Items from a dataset
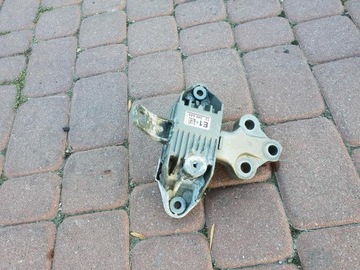 Подушка кронштейн двигателя e1 1. 6t opel zafira c, фото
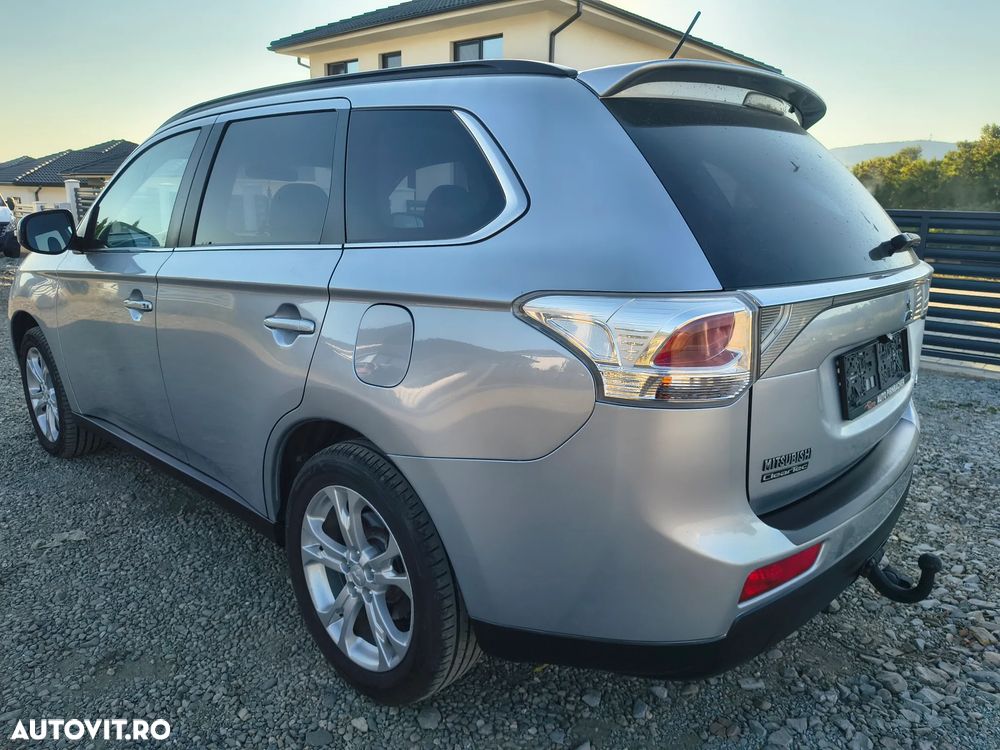 Mitsubishi Outlander 2.2L DI-D AS&G 6MT 4WD Instyle A60 - 4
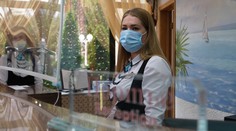 Rúšok a respirátorov sa nezbavíme päť rokov, tvrdí svetoznámy virológ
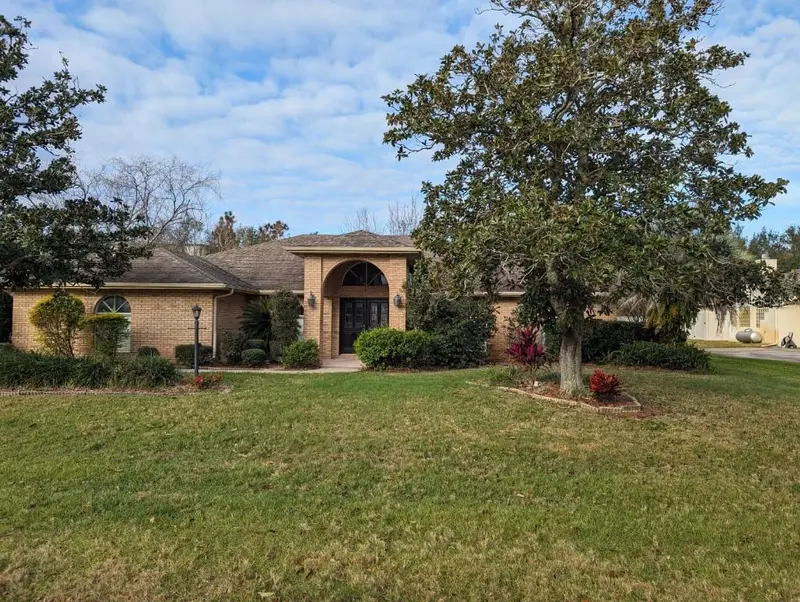 72 Spring Lake Dr, FL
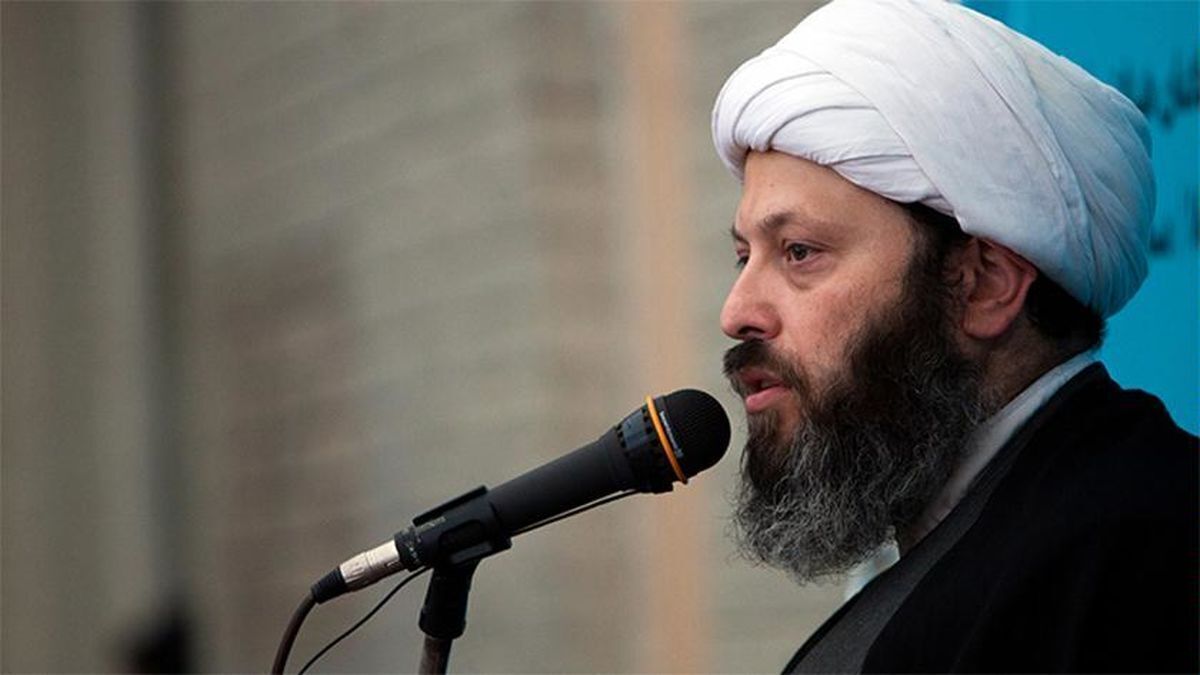 روحانی نزدیک به قالیباف: لازم نیست برای مراکز فحشا به آنتالیا بروید به جایش بروید مکه و مدینه!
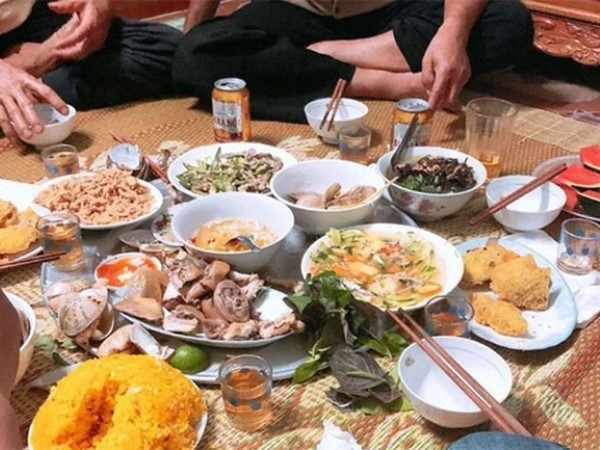 Mùng 2 Tết đến nhà người yêu ra mắt, cô gái 'chạy mất dép' sau màn chào mừng đầy vô lý
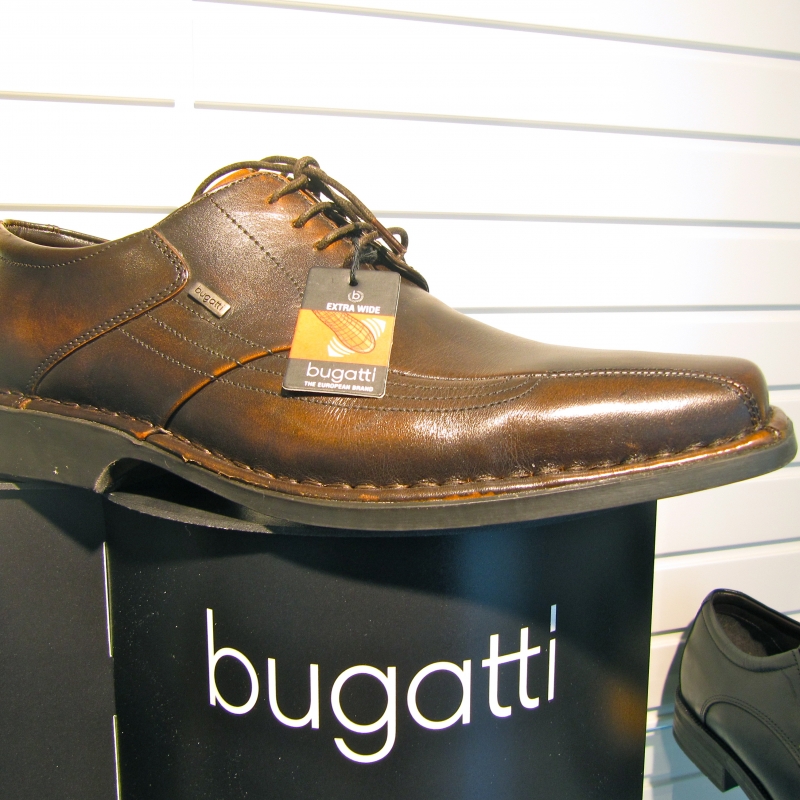 Schuhe von bugatti - TWENTY 7 SHOES - Esslingen- Bild 1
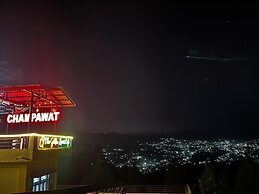 The Golden Leaves Cafe And Cottages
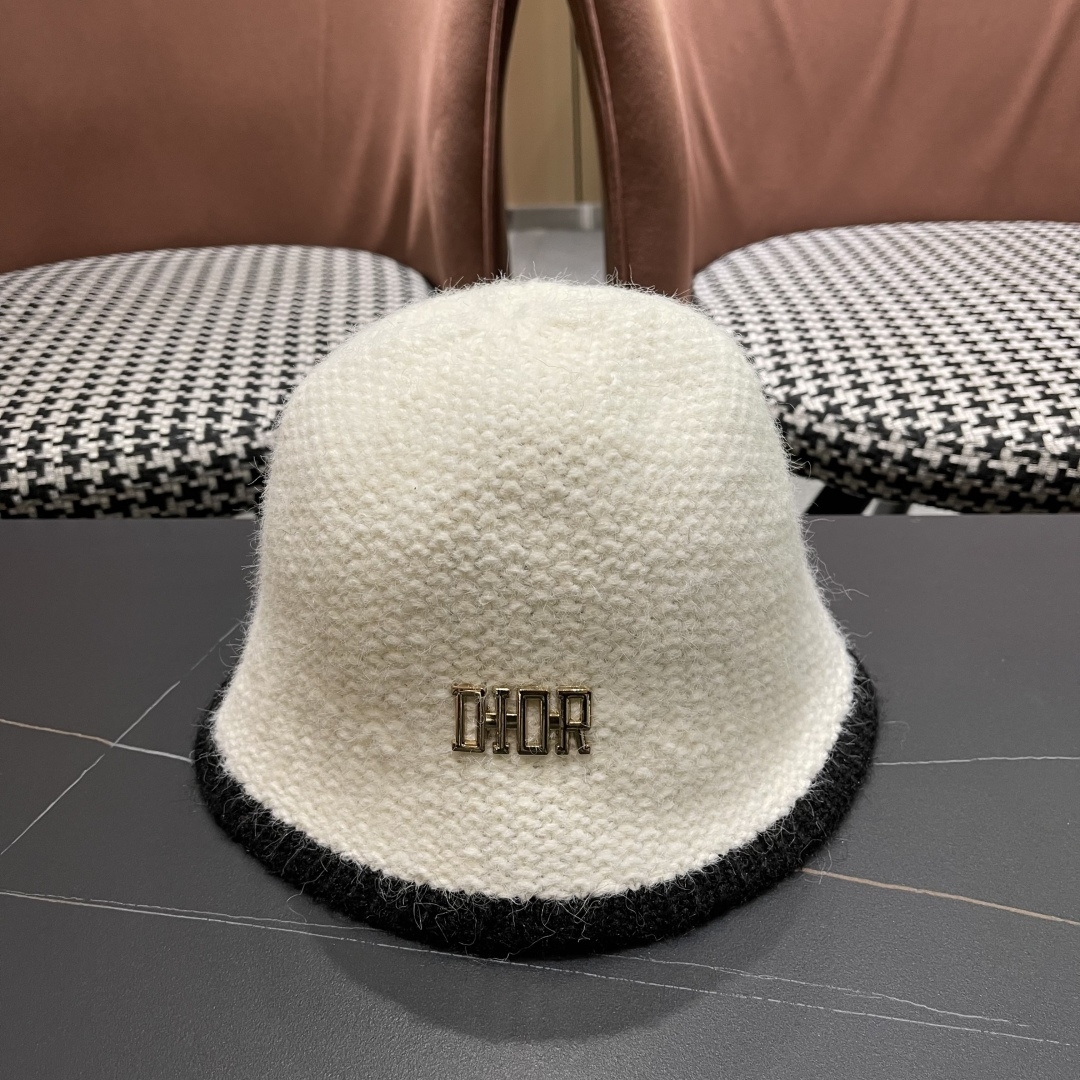  DIOR迪奥 毛茸茸渔夫帽冬天可爱毛毛绒绒秋冬季百搭盆帽帽子冬款女

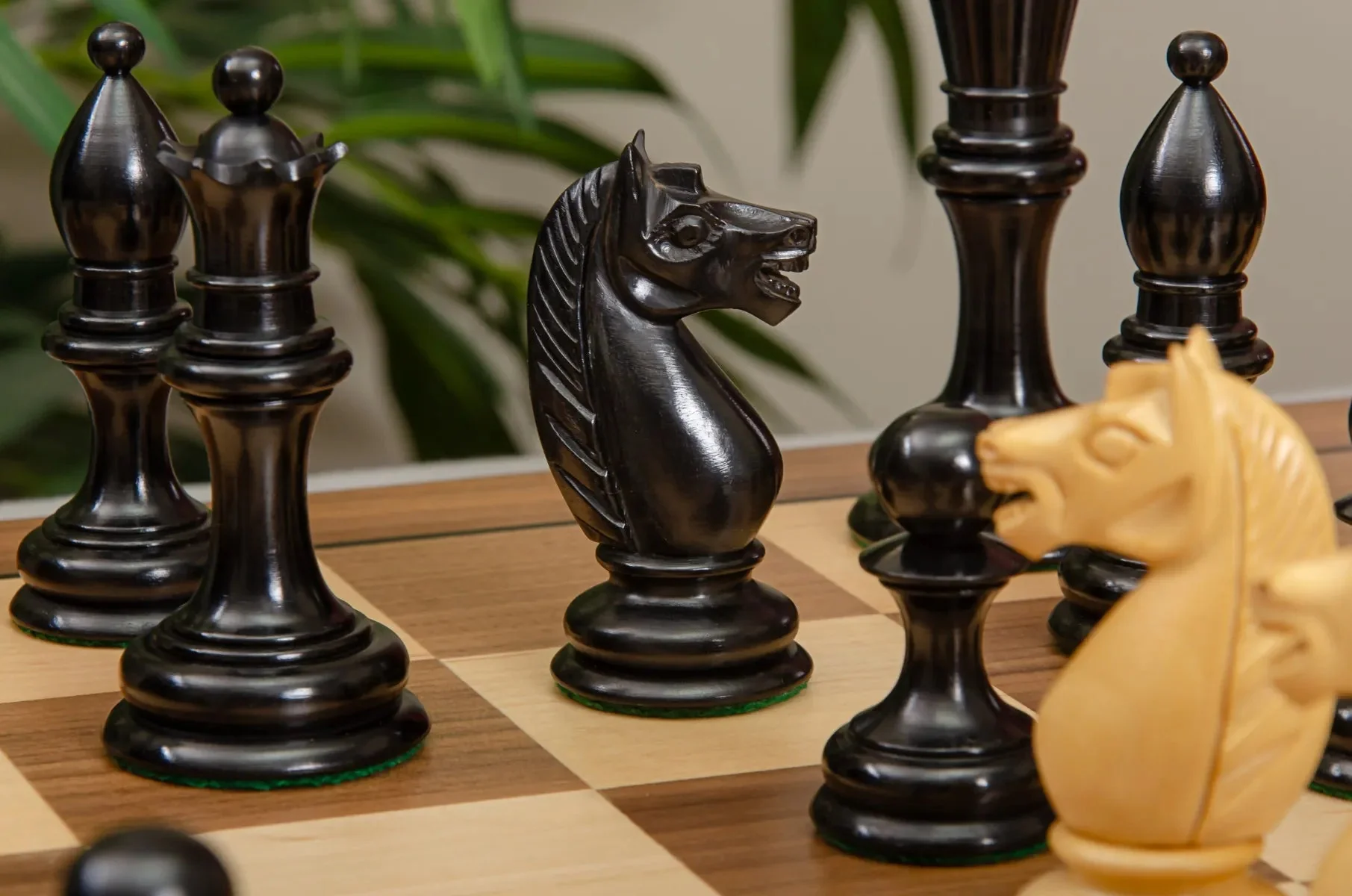 The Botvinnik Flohr Series Luxury Chess Pieces - 4.0" King - Image 3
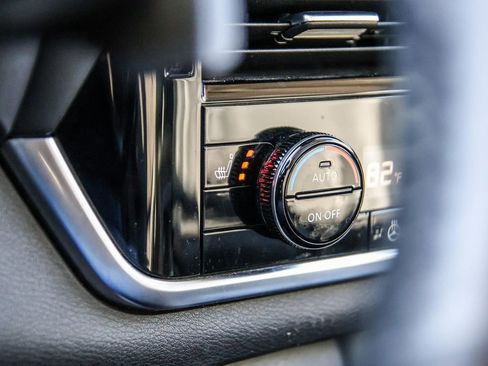 Used 2023 Nissan Rogue SL image 32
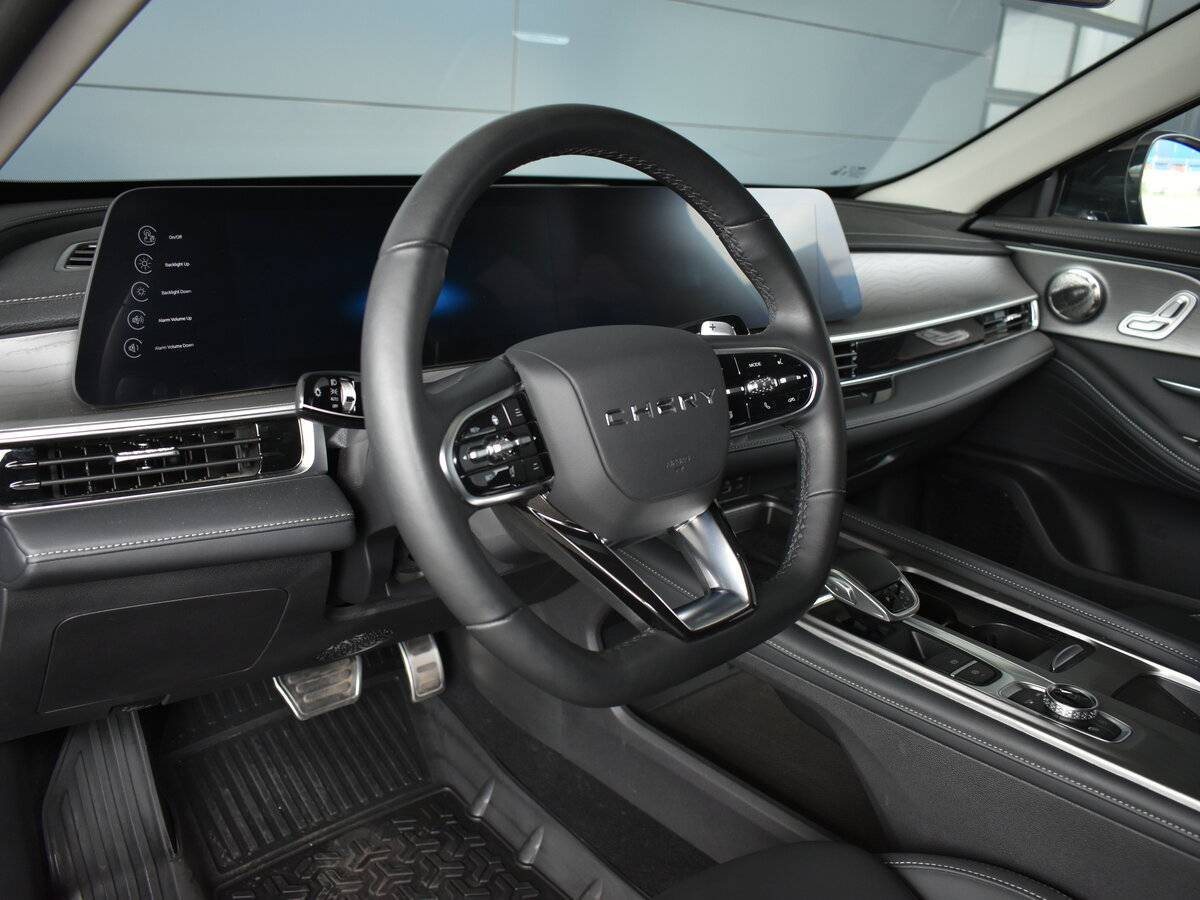 Chery Arrizo 8 2023 года с пробегом. Фото: #7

**TASK TO CARRY OUT:**
Leave the images aside and return the records above exactly as written.

**EXERCISE SOLUTION:**
 Подушка кронштейн двигателя e1 1. 6t opel zafira c, фото
 Mitsubishi Outlander 2.2L DI-D AS&G 6MT 4WD Instyle A60 - 4
 Rúšok a respirátorov sa nezbavíme päť rokov, tvrdí svetoznámy virológ
 72 Spring Lake Dr, FL
 روحانی نزدیک به قالیباف: لازم نیست برای مراکز فحشا به آنتالیا بروید به جایش بروید مکه و مدینه!
 Mùng 2 Tết đến nhà người yêu ra mắt, cô gái 'chạy mất dép' sau màn chào mừng đầy vô lý
 Schuhe von bugatti - TWENTY 7 SHOES - Esslingen- Bild 1
 The Golden Leaves Cafe And Cottages
  DIOR迪奥 毛茸茸渔夫帽冬天可爱毛毛绒绒秋冬季百搭盆帽帽子冬款女

 The Botvinnik Flohr Series Luxury Chess Pieces - 4.0" King - Image 3
 Used 2023 Nissan Rogue SL image 32
 Chery Arrizo 8 2023 года с пробегом. Фото: #7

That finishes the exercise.